> _Data extract_:
Start of Block

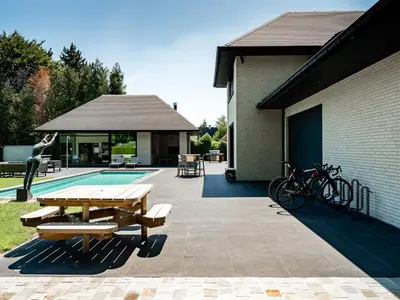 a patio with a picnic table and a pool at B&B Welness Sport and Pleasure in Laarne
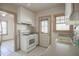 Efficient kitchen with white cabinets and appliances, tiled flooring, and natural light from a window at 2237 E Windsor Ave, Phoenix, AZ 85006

End of Block
Start of Block

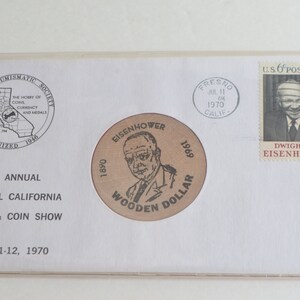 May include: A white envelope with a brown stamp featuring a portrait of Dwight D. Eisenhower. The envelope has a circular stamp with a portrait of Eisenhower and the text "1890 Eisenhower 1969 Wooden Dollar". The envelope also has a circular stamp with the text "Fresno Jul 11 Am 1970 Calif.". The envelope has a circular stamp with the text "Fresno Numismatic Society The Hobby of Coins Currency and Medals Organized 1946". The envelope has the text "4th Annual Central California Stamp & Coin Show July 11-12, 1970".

End of Block

> _What the task requires_: In the records above, find the line with "a patio with" and the line with "Efficient kitchen with". Write out exactly those lines and every one between, with no pictures and no other lines.

> _Response box_:
 a patio with a picnic table and a pool at B&B Welness Sport and Pleasure in Laarne
 Efficient kitchen with white cabinets and appliances, tiled flooring, and natural light from a window at 2237 E Windsor Ave, Phoenix, AZ 85006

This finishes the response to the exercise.